Japan’s Nikkei average hit its highest point in eight months on Monday, led by exporters on a weaker yen and optimism about a recovery for the US economy after news that fewer jobs than expected were lost in May.
But other Asian markets were mostly weaker (Australia was closed) as commodity prices eased.
The Nikkei ended up 1%, after briefly rising as high as 1.4% to reach its highest level since October 8.
That followed a 2.6% rise last week
The yen has weakened against the US dollar, raising prospects for battered exporters, such as the car groups, consumer electronics and equipment companies and other manufacturers.

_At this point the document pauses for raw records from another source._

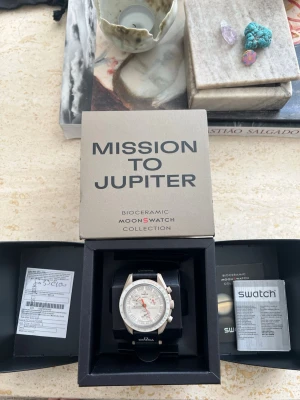 Omega x Swatch MoonSwatch Jupiter -  Säljer min Omega × Swatch MoonSwatch som köptes i Swatch-butiken i Milano 2023, i samband med lanseringen av modellen. Certifikat medföljer.  Klockan är i gott skick med minimala, knappt synliga repor (det finns närbilder för närmare granskning). Den har i övrigt varit väl omhändertagen. Batteriet behöver bytas, vilket är anledningen till det något lägre priset än marknadsvärdet.  Klockan är fortfarande fullt användbar och mycket stilren.  Öppen för bud!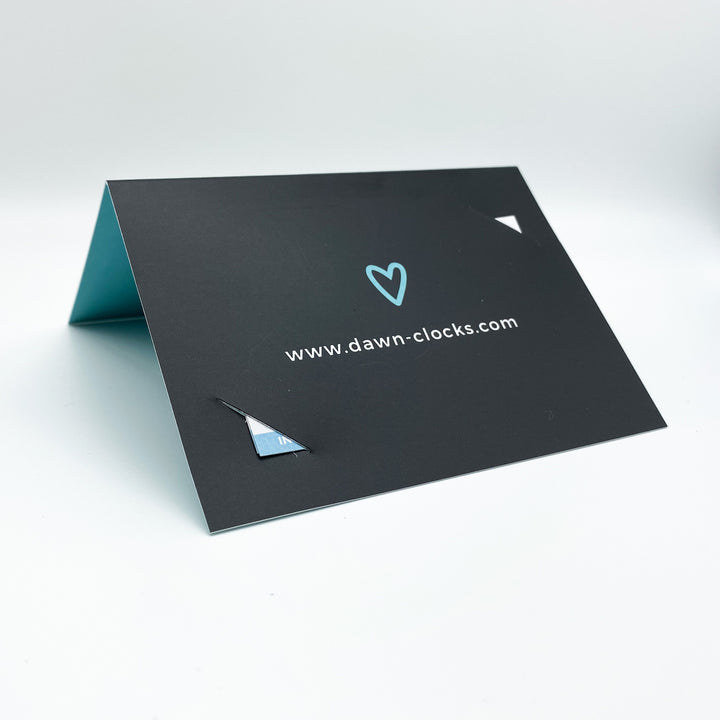 The Care Card by Dawn Clocks was specifically designed by our Founder from her lived experience of her Mother battling Younger Onset Alzheimer's Disease. It aims to educate the person who may encounter your loved one to come from a place of understanding. Simply fill out the details you wish to communicate and place inside a wallet or purse. The Care Card empowers the user and comforts the people who love them the most.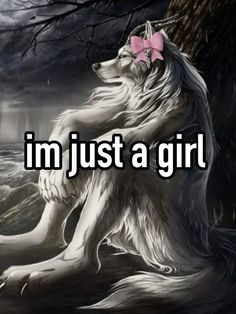 a wolf with a pink bow sitting on the ground in front of a dark forest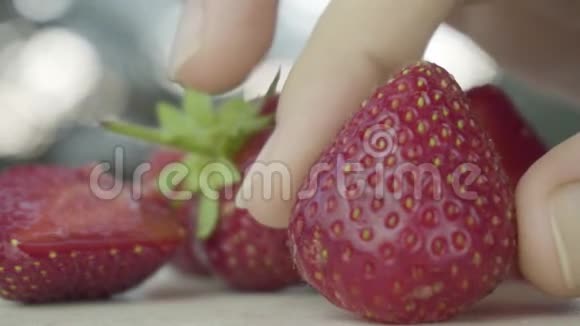 盘子里的成熟草莓草莓用手拿用刀切视频的预览图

Figures released yesterday show that the country’s completed current account figures for April show the surplus fell for a third month as exports remained depressed and imports reflected the depressed state of demand in the economy.
The latest figures include goods and services not covered in the earlier released Customs cleared numbers.
The Ministry of Finance (MoF) said the surplus shrank 54.5% to 630.5 billion yen ($US6.4 billion) from April 2008. That was smaller than forecast by the market.
Japan had its first current-account deficit in 13 years in January and while exports have recovered a bit since then, they are still declining and are less than two thirds of last year’s levels.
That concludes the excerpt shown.